▶ **Input data**:
=== Section Start ===

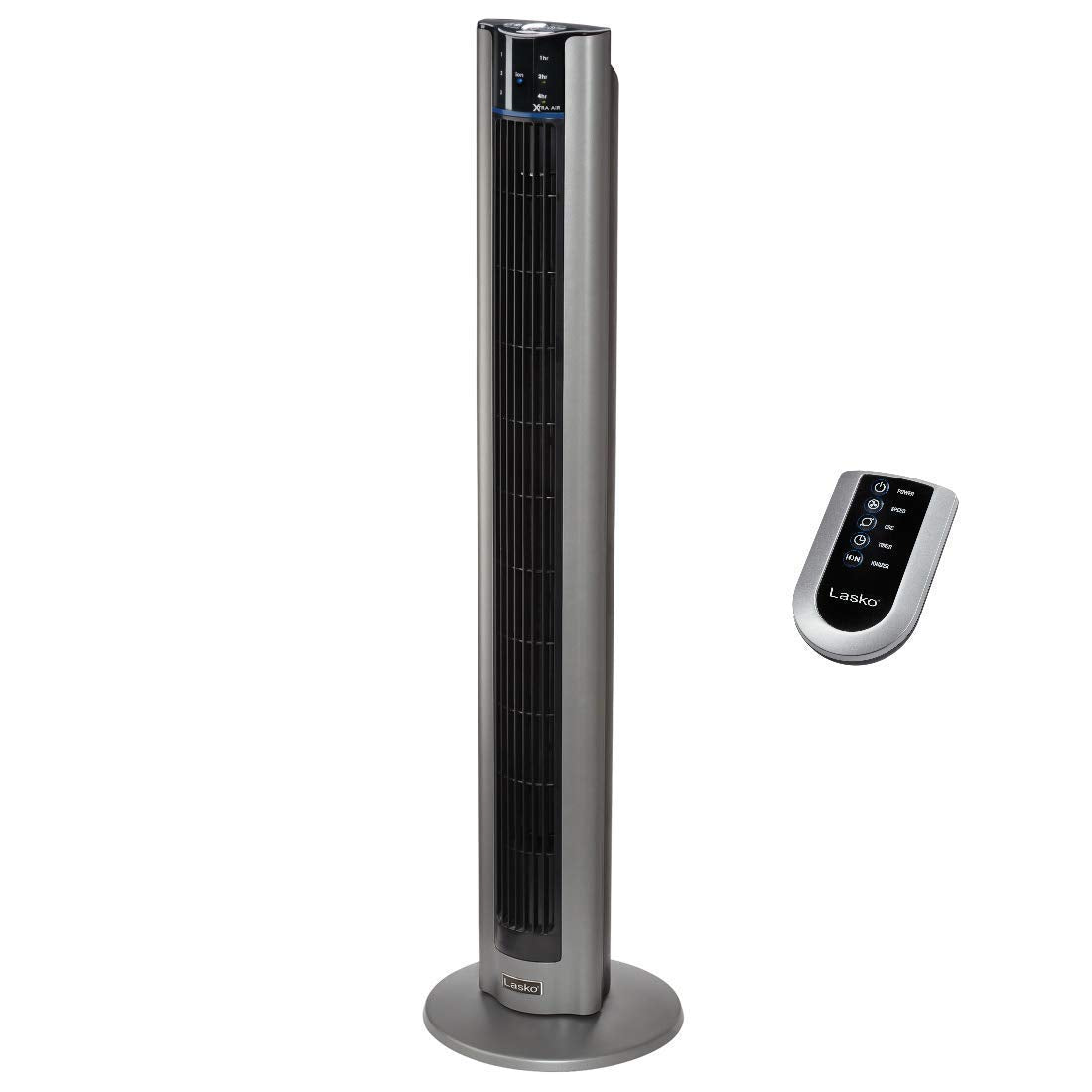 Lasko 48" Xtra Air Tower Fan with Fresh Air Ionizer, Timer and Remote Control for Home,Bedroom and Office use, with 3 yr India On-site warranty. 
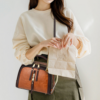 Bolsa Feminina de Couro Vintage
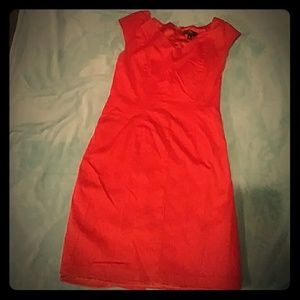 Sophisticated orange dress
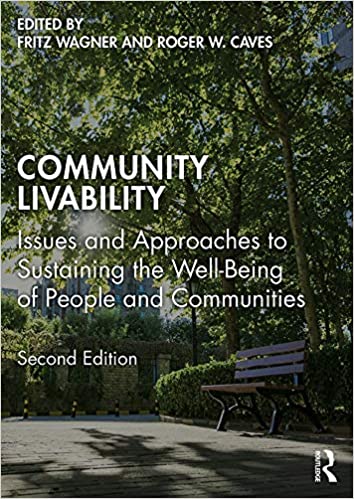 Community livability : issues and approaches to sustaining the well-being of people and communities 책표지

=== Section End ===

▶ **What you should do**:
Print the listing verbatim; no pictures.

▶ **Reply to the exercise**:
 Lasko 48" Xtra Air Tower Fan with Fresh Air Ionizer, Timer and Remote Control for Home,Bedroom and Office use, with 3 yr India On-site warranty. 
 Bolsa Feminina de Couro Vintage
 Sophisticated orange dress
 Community livability : issues and approaches to sustaining the well-being of people and communities 책표지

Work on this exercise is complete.